Analyses were based on partially overlapping normative samples of healthy French-speaking adults (age range: 20–69 years) who completed facial emotion recognition (FER/IDEMO; n = 155), Reading the Mind in the Eyes Test (RMET; n = 175), and theory of mind (ToM) tasks assessing first-order and second-order belief attribution as well as faux pas recognition (n = 129–145; adapted from Baron-Cohen, 2000). A data-driven stratification approach identified optimal normative groupings based on empirically observed age and sex effects. Scoring dimensions included emotion-specific accuracy, intensity-dependent performance profiles, systematic misattribution patterns (confusion matrices), response latencies, and ToM subcomponents by inferential order and cognitive dimension.

Results

Age-related decline emerged for anger and fear recognition (p = .001) but not for joy or disgust, which showed ceiling effects.
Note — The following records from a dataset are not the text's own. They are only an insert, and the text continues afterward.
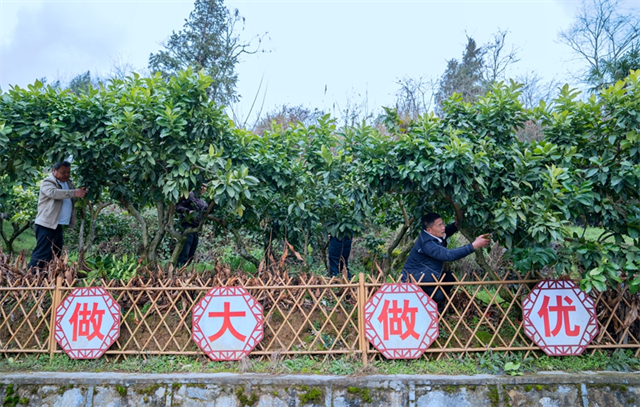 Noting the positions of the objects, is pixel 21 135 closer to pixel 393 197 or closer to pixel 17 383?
pixel 17 383

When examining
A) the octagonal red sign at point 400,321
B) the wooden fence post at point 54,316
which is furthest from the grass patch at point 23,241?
the octagonal red sign at point 400,321

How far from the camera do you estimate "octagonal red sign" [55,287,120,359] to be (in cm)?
448

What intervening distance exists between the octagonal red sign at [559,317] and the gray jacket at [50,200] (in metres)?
5.60

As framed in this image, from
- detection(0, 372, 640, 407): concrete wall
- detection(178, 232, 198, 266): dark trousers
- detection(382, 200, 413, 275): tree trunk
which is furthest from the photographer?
detection(178, 232, 198, 266): dark trousers

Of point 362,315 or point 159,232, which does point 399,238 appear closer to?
point 362,315

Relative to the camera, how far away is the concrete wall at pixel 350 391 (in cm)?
400

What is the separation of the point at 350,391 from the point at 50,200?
4499mm

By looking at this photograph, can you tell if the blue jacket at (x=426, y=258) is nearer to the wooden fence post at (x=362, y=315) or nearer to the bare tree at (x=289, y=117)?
the wooden fence post at (x=362, y=315)

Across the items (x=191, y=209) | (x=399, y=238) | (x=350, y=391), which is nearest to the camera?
(x=350, y=391)

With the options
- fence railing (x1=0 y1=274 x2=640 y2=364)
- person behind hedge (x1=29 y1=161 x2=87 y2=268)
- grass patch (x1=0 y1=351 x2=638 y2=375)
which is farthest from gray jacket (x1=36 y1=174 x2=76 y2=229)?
grass patch (x1=0 y1=351 x2=638 y2=375)

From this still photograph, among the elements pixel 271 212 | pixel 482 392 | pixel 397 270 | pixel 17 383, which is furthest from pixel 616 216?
pixel 17 383

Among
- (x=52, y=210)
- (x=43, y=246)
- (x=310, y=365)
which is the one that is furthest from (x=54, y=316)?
(x=310, y=365)

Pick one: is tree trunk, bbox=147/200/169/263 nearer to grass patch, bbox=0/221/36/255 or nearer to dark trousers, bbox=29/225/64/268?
dark trousers, bbox=29/225/64/268

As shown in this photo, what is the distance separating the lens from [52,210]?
5602 mm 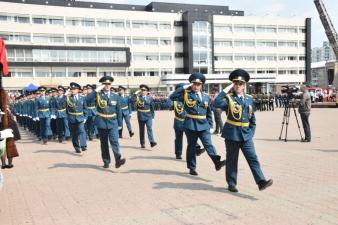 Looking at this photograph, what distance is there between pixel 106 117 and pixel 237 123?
346cm

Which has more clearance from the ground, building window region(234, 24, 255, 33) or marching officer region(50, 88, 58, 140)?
building window region(234, 24, 255, 33)

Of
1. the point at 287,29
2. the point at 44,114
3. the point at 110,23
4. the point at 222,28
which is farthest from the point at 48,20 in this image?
the point at 44,114

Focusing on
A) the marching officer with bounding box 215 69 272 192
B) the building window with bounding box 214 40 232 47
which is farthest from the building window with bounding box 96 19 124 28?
the marching officer with bounding box 215 69 272 192

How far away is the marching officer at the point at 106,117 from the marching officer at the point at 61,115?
524 centimetres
Response times revealed nonlinear age trajectories, with adults aged 50–59 demonstrating longer latencies than those over 60 (p < .001). Older adults (60+) exhibited significantly elevated misattribution rates (p = .008), whereas a descriptive tendency toward higher anger-disgust confusion in young men did not reach significance after correction for within-participant clustering. Theory of mind performance remained stable across age groups, with significant differentiation across inferential orders (p < .001) and cognitive dimensions (p < .001).

Conclusions

This multidimensional framework provides normative benchmarks that may enhance clinical utility by enabling identification of emotion-specific performance profiles, detection of processing efficiency variations through response latencies, and characterization of systematic error patterns; thereby extending the interpretive precision of well-validated instruments whose clinical sensitivity has been established across neurological and psychiatric populations.